Dolores looked down, fixing her gaze upon at the preternatural skin of her hand. She said absently, perhaps not wanting to know the answer, “Are you frightened of me, Si?”
Silas walked over and took his mother’s hand. “I’m not. Mom, I’m not scared of you. I am not scared of death, either.”
“Would you . . . do you think, you’d prefer to take after my side of the family—later,
I mean?”
He understood the question. “I don’t want that, although I’m not sure anyone has a choice in the matter. I’m not frightened of what you’ve become. You’re still my mom. But I don’t want to live on that way. I don’t know. Now, I guess, I don’t care when Death comes for me. I’ve been living on borrowed time all along anyway. We both know I shouldn’t even be alive. My father cheated. Whenever my death comes, I’m not going to fight it. Every problem I’ve seen or faced as Undertaker has been caused by people refusing to give death its due. I’d like to think I’ve learned something.”
“How can you say that, Silas? How can you not care about living as long as possible? I would have fought off death with both hands, bitten and scratched, had I seen it coming for me.”
“Only if you were fighting for your own life. When mine was being threatened by a curse, you took that curse upon yourself and went to your own death willingly. You sacrificed yourself for me. I know.”
“I would do anything for you, Silas. I had lost you once. I couldn’t lose you again, even if it meant your losing me. But we’re both here now. That’s all that matters.”
“I don’t think now, as you are, you can understand me. Maybe, as I am, after the last year, I just don’t see that much difference between life and death anymore.”
“I couldn’t disagree more,” said Dolores.

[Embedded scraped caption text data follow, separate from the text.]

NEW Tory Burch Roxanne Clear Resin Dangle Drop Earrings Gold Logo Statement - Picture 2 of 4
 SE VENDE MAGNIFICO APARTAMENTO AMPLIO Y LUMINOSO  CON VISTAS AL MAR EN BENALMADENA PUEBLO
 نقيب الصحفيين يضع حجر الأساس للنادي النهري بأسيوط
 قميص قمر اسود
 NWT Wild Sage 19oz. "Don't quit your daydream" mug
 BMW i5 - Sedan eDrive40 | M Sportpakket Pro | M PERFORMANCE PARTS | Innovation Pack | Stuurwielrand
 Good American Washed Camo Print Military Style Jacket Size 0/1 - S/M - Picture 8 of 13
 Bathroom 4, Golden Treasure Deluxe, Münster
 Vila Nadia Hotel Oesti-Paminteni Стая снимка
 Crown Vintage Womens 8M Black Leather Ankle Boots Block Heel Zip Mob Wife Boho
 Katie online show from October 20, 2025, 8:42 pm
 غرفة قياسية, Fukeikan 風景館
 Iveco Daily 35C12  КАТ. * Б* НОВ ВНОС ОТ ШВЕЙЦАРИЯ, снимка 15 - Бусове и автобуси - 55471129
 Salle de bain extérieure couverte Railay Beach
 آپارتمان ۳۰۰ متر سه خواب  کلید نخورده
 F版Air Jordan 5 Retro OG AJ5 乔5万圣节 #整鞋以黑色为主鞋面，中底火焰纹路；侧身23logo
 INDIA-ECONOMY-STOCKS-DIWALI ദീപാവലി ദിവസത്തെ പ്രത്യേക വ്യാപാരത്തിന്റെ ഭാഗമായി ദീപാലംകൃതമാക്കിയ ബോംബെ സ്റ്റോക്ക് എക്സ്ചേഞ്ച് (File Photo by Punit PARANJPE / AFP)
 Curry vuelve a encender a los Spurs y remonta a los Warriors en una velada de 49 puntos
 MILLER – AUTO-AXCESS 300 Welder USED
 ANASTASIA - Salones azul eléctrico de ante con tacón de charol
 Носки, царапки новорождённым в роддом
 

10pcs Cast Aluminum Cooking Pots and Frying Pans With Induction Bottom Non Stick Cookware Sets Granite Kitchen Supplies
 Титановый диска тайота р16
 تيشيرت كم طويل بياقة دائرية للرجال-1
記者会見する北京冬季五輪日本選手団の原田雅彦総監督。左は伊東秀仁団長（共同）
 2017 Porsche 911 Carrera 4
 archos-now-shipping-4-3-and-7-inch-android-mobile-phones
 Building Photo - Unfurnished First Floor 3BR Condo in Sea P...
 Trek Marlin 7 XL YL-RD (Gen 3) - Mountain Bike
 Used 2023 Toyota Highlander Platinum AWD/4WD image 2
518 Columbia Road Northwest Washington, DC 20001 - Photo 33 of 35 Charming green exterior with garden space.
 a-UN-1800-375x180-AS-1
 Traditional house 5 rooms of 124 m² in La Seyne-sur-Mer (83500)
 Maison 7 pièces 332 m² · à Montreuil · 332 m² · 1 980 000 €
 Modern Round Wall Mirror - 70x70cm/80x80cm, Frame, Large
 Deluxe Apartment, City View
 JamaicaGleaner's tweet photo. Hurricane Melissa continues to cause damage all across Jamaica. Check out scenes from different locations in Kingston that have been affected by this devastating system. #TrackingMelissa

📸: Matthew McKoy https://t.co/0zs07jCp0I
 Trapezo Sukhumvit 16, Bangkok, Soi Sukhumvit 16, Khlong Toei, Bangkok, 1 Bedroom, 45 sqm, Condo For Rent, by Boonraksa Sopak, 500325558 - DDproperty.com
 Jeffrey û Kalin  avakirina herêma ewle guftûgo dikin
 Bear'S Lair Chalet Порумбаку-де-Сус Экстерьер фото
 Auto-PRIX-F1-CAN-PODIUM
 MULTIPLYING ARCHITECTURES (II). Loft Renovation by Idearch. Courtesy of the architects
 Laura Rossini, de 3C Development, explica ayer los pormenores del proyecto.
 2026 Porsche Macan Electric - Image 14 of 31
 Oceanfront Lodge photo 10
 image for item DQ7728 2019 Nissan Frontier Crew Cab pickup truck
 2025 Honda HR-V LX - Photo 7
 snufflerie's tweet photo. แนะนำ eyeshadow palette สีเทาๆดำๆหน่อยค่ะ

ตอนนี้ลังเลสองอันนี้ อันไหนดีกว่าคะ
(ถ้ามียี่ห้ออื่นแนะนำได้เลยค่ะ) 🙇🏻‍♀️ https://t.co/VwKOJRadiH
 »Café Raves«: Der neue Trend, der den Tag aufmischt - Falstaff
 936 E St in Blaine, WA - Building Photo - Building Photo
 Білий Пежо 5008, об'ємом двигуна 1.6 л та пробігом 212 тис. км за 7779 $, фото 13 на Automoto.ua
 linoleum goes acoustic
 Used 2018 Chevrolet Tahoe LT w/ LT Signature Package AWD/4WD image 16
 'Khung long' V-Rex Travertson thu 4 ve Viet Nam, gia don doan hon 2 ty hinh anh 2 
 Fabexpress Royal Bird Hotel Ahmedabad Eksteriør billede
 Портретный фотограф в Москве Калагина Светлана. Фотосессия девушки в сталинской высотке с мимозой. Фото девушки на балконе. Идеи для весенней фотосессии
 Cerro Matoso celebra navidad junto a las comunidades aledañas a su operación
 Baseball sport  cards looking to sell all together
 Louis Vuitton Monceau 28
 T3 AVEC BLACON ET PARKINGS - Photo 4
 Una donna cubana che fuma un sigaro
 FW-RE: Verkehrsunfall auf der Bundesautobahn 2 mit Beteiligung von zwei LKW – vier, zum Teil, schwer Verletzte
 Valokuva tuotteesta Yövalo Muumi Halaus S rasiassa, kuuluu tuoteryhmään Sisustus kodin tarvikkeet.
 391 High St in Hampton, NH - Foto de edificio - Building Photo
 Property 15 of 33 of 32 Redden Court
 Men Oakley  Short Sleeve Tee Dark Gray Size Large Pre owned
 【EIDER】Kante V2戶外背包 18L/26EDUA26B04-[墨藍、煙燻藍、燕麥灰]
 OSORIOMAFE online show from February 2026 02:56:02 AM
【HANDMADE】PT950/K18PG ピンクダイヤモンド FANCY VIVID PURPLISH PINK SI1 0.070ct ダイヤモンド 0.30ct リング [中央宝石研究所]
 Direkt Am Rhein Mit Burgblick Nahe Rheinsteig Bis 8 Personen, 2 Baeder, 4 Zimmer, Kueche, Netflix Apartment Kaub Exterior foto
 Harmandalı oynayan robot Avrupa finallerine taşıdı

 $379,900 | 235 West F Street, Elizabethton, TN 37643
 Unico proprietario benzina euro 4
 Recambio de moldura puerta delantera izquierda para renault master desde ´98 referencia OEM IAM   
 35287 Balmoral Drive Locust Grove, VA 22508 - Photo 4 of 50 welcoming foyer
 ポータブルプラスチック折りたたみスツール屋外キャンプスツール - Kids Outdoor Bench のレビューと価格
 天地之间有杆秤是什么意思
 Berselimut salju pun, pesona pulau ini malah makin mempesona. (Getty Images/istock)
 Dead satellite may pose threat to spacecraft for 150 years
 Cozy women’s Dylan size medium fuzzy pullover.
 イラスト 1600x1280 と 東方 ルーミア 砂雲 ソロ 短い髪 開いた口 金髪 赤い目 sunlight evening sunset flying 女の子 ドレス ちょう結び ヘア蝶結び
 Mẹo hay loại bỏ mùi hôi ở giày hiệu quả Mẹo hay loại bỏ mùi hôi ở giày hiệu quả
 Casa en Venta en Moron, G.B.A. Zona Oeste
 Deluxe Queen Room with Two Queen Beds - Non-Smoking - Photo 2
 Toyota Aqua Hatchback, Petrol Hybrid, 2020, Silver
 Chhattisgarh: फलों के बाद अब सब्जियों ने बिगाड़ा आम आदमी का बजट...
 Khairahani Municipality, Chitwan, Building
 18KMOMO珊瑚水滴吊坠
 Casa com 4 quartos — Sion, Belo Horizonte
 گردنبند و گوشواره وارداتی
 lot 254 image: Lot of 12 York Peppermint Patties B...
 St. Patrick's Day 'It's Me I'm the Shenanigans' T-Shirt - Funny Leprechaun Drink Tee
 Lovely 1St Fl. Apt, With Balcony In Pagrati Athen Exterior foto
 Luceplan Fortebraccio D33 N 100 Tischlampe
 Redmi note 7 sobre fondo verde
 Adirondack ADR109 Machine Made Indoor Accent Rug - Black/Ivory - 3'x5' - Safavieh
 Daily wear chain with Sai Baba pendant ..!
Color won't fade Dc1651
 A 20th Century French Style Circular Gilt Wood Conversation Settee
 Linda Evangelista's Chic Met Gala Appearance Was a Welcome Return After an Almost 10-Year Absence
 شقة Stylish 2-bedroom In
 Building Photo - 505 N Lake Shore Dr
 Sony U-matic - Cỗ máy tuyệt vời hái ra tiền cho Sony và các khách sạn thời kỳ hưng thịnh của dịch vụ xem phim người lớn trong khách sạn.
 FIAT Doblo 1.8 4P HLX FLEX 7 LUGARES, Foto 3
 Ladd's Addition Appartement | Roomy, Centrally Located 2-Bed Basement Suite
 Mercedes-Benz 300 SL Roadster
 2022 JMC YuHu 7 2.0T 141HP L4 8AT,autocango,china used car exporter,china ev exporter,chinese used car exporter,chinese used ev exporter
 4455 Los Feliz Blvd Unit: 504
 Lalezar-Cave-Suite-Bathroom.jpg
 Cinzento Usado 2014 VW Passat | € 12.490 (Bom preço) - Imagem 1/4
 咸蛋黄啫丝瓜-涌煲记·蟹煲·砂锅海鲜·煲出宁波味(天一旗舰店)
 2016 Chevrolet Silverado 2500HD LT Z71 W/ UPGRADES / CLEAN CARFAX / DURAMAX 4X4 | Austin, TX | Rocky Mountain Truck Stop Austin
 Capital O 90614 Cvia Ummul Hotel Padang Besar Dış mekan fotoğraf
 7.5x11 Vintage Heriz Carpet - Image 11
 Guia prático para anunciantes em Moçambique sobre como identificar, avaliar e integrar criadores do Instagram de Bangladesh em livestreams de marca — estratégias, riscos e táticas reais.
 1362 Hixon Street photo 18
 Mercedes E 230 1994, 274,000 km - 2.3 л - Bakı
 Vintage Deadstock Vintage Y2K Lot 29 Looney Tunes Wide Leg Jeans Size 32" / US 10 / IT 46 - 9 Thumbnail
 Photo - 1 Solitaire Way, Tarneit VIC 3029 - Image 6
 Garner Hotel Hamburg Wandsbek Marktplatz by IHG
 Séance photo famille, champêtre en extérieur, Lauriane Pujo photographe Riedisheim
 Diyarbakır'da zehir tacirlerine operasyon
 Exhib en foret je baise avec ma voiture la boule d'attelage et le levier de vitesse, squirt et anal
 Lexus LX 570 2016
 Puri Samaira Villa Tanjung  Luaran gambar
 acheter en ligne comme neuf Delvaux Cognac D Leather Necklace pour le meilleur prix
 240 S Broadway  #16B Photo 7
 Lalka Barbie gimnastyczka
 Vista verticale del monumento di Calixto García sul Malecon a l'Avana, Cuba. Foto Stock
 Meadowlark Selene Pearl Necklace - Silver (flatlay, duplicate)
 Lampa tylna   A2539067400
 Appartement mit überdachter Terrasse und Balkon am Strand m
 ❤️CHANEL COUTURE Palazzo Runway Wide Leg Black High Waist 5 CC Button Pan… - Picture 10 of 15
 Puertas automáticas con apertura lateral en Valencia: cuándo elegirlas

“I know. But we each have our own roads now. You’re all set. I still have things I need to do. The sooner I do them, the sooner I can come back and we can keep arguing about this.” He tried to smile at her, but then his smiled faded. “Why couldn’t you tell me?”
“Silas—”
“Later, I mean. All those years together. Dad coming and going. You could have filled in some gaps. It might have helped. Part of what happened, losing a child, is common enough.”
“You’re asking me why I didn’t talk about my stillborn son who came back from the dead? Silas, really. Even if it had all ended on the day of your birth-death, who would speak of it openly? Silas, women don’t talk about these things with the rest of their families. Even miscarriages, very common, are only whispered about, and then only by the women. These are ‘women’s mysteries,’ things men do not deign to hear. If a woman started talking, really talking frankly about the blood, the clots, the things that come out of us . . . the miscarriages, the babies, the parts of babies . . . all the things we create and discharge, if we gave voice to all that, men would drop dead on the spot. You ask me why I didn’t talk about it—the answer is because your sex is weak. Men have an awful fear of death, and our bleeding reminds them of it. But women live on, and men are terrified of our . . . changes. And we are always changing.